● **TASK OBJECTIVE**
The lines below must be transcribed exactly as given, with the images removed.

● **DATA TO USE**
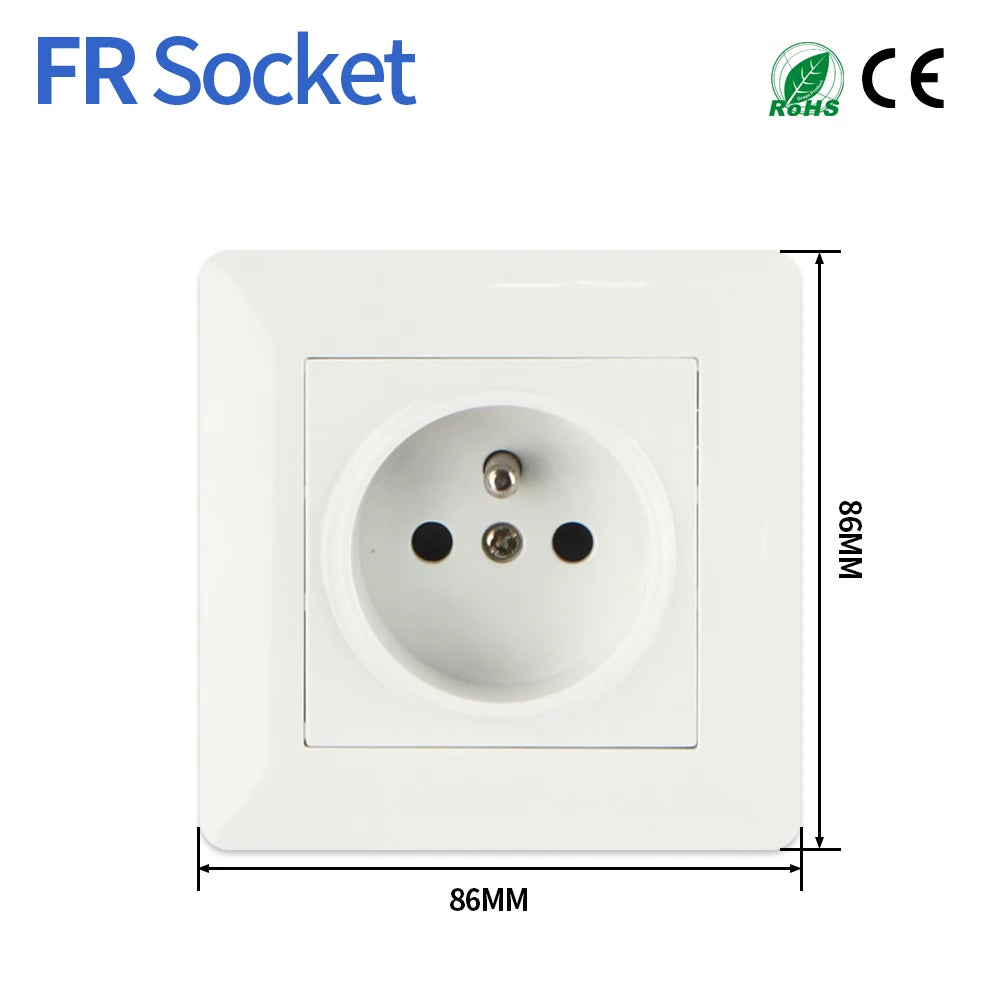 GTRIC Waterproof Outdoor Plug Electrical Sockets 250V AC IP66 DustProof Waterproof Socket With Switch Outside Master Plug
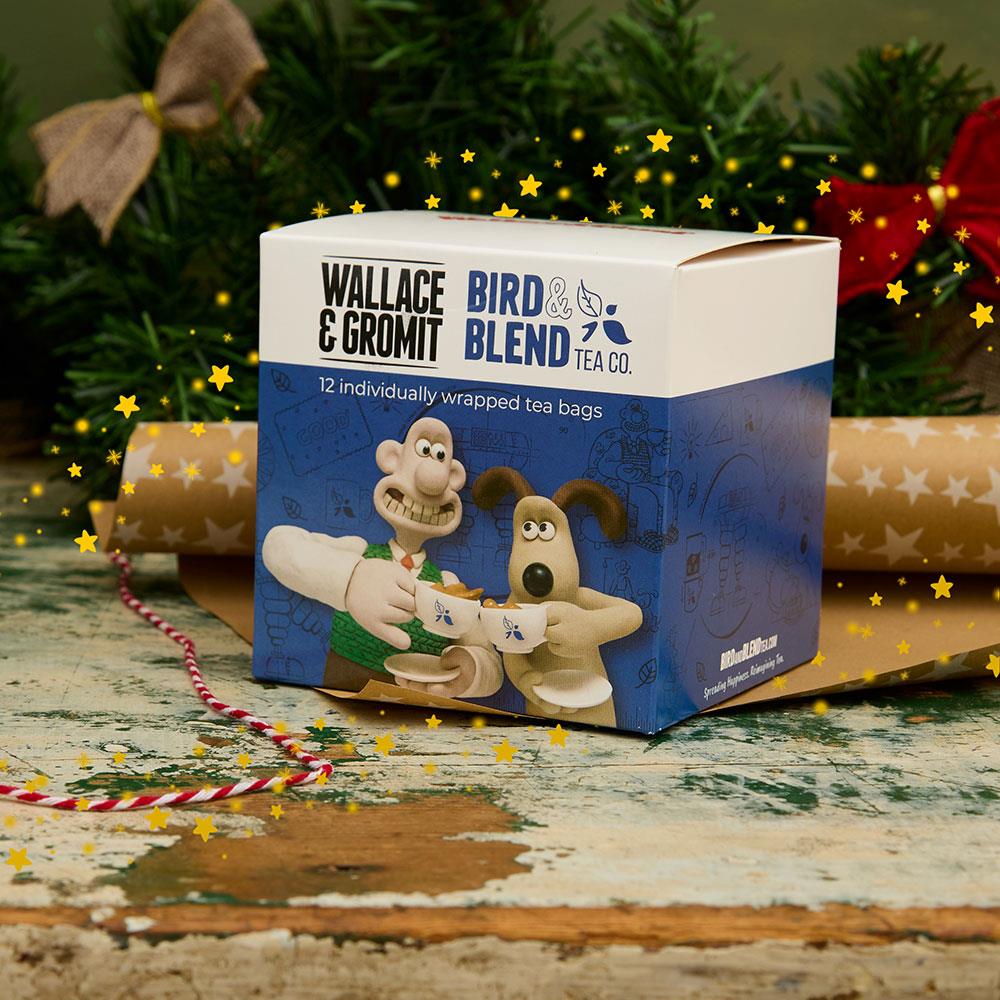 wallace and gromit tea cube christmas gifting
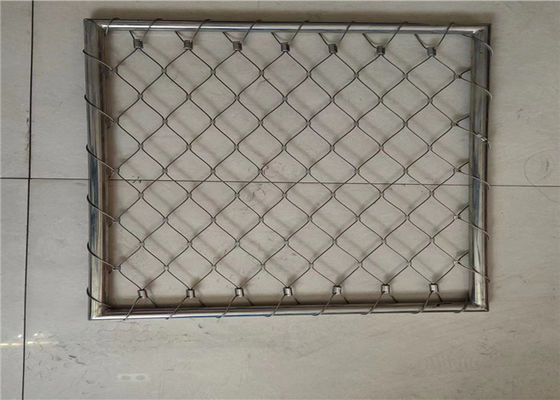 Stainless Steel Knotted Poultry Netting Kebun Binatang Animal Tali Mesh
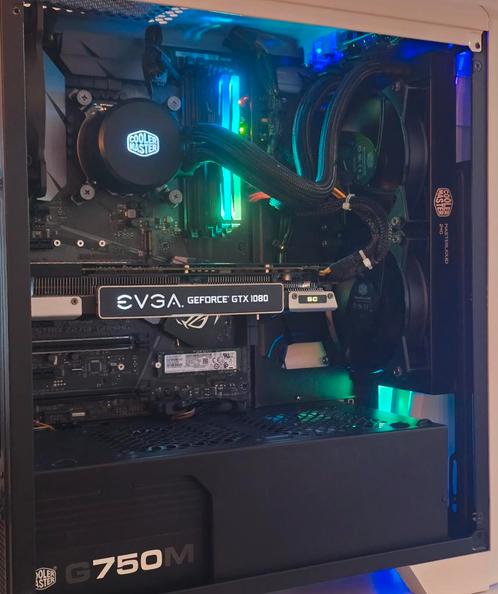 Gaming Asus Strix I7, Computers en Software, Desktop Pc's, Zo goed als nieuw, 4 Ghz of meer, HDD, SSD, 16 GB, Met videokaart, Gaming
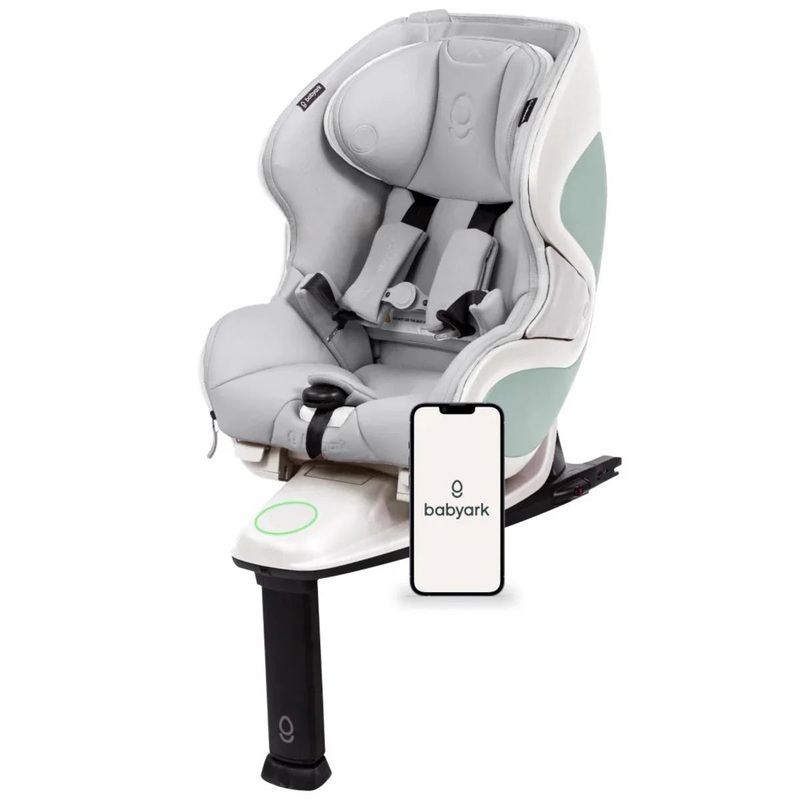 Babyark Convertible Car Seat (Smart) – Eggshell White/Glacier Ice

● **TASK ANSWER**
 GTRIC Waterproof Outdoor Plug Electrical Sockets 250V AC IP66 DustProof Waterproof Socket With Switch Outside Master Plug
 wallace and gromit tea cube christmas gifting
 Stainless Steel Knotted Poultry Netting Kebun Binatang Animal Tali Mesh
 Gaming Asus Strix I7, Computers en Software, Desktop Pc's, Zo goed als nieuw, 4 Ghz of meer, HDD, SSD, 16 GB, Met videokaart, Gaming
 Babyark Convertible Car Seat (Smart) – Eggshell White/Glacier Ice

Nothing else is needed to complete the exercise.